Software Development

Microservices for Java Developers: Distributed Tracing

1. Introduction

This part of the tutorial is going to conclude the observability discussions by dissecting its last pillar, distributed tracing.

Distributed tracing, also called distributed request tracing, is a method used to profile and monitor applications, especially those built using a microservices architecture. Distributed tracing helps pinpoint where failures occur and what causes poor performance. – https://opentracing.io/docs/overview/what-is-tracing/

In distributed systems, like a typical microservice architecture, the request could travel through dozens or even hundreds of services before the response is assembled and sent back. But how are you supposed to know that? At some extent, logs are able to provide these insights, but they are inherently flat: it becomes difficult to understand the causality between calls or events, extract latencies, and reconstruct the complete path the request has taken through the system. This is exactly the case where distributed tracing comes to the rescue.

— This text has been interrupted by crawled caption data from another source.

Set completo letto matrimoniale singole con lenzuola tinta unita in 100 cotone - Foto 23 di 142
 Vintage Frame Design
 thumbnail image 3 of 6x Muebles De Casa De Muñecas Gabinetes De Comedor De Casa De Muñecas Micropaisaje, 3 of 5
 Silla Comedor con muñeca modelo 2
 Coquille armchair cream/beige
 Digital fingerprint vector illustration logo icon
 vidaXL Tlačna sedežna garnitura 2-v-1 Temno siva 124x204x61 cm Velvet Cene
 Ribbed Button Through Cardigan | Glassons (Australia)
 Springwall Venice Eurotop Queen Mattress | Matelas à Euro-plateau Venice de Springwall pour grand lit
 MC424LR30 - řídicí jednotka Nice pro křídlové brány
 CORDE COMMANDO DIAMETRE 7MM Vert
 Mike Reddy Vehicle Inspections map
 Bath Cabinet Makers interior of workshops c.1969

The story of the distributed tracing (as we know it these days) started in 2010, when Google published the famous paper Dapper, a Large-Scale Distributed Systems Tracing Infrastructure. Although Dapper was never open-sourced, the paper has served as an inspirational blueprint for a number of the open source and commercial projects designed after it. So let us take a closer look at distributed tracing.

2. Instrumentation  + Infrastructure =
Visualization

Before we dig into the details, it is important to understand that even though distributed tracing is terrific technology, it is not magical. Essentially, it consists of three key ingredients:

  • Instrumentation:
    language-specific libraries which help to enrich the applications and services
    with tracing capabilities.
  • Infrastructure:
    a tracing middleware (collectors, servers, …) along with the store engine(s)
    where traces are being sent, collected, persisted and become available for
    querying later on.
  • Visualization:
    the frontends for exploring, visualizing and analyzing collected traces.

What it practically means is that rolling out distributed tracing support across a microservices fleet requires not only development work but also introduces operational overhead. Essentially, it becomes yet another piece of infrastructure to manage and monitor. The good news is, it is out of the critical path, most of the instrumentation libraries are designed to be resilient against tracing middleware outages. At the end, the production flows should not be impacted anyhow, although some traces might be lost.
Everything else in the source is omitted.